Aguarda ser chamada pelo hospital para ser acompanhada no hospital de dia, uma vez que recusa ser internada. “É uma vida muito dura e horrível”.
“Gostava de ter um grupo de autoajuda ou uma casa com o apoio do Estado para ajudar pessoas como eu. Era uma coisa que me faria muito feliz e se calhar tirava-me do buraco”, revelou.
Infâncias infelizes
Os problemas de Fernanda Vieira também vêm de uma infância infeliz. “Não tive uma família bem estruturada, via o meu pai a bater muito na minha mãe e isso perturbava-me bastante, a forma como ela sofria, e o facto dela não ser uma pessoa que demonstrasse afeto por nós”.
Quando a mãe morreu, a perturbação que sentia, e que “não sabia o que era”, agravou-se, com “muitas vontades” de se mutilar, de desaparecer.
“Sentia um vazio enorme dentro de mim. Às vezes parecia que não tinha qualquer tipo de sentimentos por nada, por ninguém, que eu não era deste mundo, não estava aqui a fazer nada”, descreveu.
Tudo isto foi vivido em silêncio porque achava que se contasse iriam criticá-la. A situação piorou quando foi viver com o pai, foi maltratada e sentiu-se “abandonada”, acabando por fugir de casa aos 18 anos.
Sempre procurou “pessoas tóxicas” nas relações, o que veio agravar a situação: “Queimava-me com cigarros, cortava os braços, as pernas, e não me doía. Sentia-me aliviada a ver o sangue”.
“Tive imensas tentativas de suicídio e chegava ao ponto de pensar: ‘é hoje que vou conseguir’ e ia com uma alegria como se calhar alguém que se fosse casar ou receber um presente”, relatou.

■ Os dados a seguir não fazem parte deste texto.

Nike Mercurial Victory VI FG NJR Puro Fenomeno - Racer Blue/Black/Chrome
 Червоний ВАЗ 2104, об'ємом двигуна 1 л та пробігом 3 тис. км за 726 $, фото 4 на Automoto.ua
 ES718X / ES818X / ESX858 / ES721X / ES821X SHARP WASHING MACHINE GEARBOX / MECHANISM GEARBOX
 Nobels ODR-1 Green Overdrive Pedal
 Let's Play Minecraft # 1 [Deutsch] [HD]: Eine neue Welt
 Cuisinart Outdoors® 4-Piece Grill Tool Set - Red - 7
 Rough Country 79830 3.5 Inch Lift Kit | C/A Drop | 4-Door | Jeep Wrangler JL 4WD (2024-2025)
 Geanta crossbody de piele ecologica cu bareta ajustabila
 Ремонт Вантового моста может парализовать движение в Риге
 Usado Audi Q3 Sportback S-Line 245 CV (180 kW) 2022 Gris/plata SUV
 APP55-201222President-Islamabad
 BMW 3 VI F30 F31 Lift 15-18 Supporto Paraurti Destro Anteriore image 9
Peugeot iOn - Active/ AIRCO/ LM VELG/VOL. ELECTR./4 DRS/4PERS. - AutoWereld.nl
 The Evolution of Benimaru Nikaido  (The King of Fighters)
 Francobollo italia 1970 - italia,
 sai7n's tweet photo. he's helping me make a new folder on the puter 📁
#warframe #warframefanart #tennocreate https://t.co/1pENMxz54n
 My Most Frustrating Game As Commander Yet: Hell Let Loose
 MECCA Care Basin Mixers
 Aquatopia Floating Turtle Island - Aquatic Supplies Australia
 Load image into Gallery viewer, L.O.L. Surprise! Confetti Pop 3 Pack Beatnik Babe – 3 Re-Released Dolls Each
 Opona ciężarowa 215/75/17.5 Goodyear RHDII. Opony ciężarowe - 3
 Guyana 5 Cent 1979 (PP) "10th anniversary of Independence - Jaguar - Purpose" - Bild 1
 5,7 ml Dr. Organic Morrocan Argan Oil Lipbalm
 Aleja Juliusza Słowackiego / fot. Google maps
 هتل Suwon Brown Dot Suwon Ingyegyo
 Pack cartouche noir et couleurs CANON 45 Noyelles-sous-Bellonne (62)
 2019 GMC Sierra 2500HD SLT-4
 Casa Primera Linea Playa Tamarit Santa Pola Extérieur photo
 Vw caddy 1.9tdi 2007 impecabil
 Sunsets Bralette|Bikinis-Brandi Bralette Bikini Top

Procurou ajuda junto de vários psiquiatras que lhe diagnosticaram “tudo e mais alguma coisa”. “Tinha esquizofrenia, bipolaridade, epilepsia, tudo. Cheguei a tomar 18 comprimidos por dia e estar internada”.
Um dia decidiu parar com toda a medicação, o que disse ter sido “muito, muito difícil, muito duro”, mas hoje orgulha-se de não se cortar há nove anos, apesar de ter vontade de o fazer.
“Tentei arranjar estratégias para conseguir ultrapassar as minhas vontades, as minhas raivas, as minhas angústias e houve um dia que fui ter com um dos psiquiatras, que ficou espantado a olhar para mim e disse que não acreditava na minha recuperação”, recordou.
Ao aviso dos médicos que “a recaída está ao virar da esquina”, Fernanda diz que está cá para enfrentá-la e sem medicação.
“É uma luta diária, mas encontrei neste momento um trabalho que me ajuda bastante, cuidar de pessoas”, disse Fernanda Vieira, profissional de saúde num hospital onde acompanha doentes com covid-19.
“A covid-19 foi má, obviamente, mas deu-me a melhor coisa que me podia ter dado: poder cuidar de pessoas como eu gostava de ter sido cuidada”, disse, rematando: “quando os doentes me dizem ‘Fernanda ajudas-me tanto’, eu penso nem tu sabes o que me ajudas a mim”.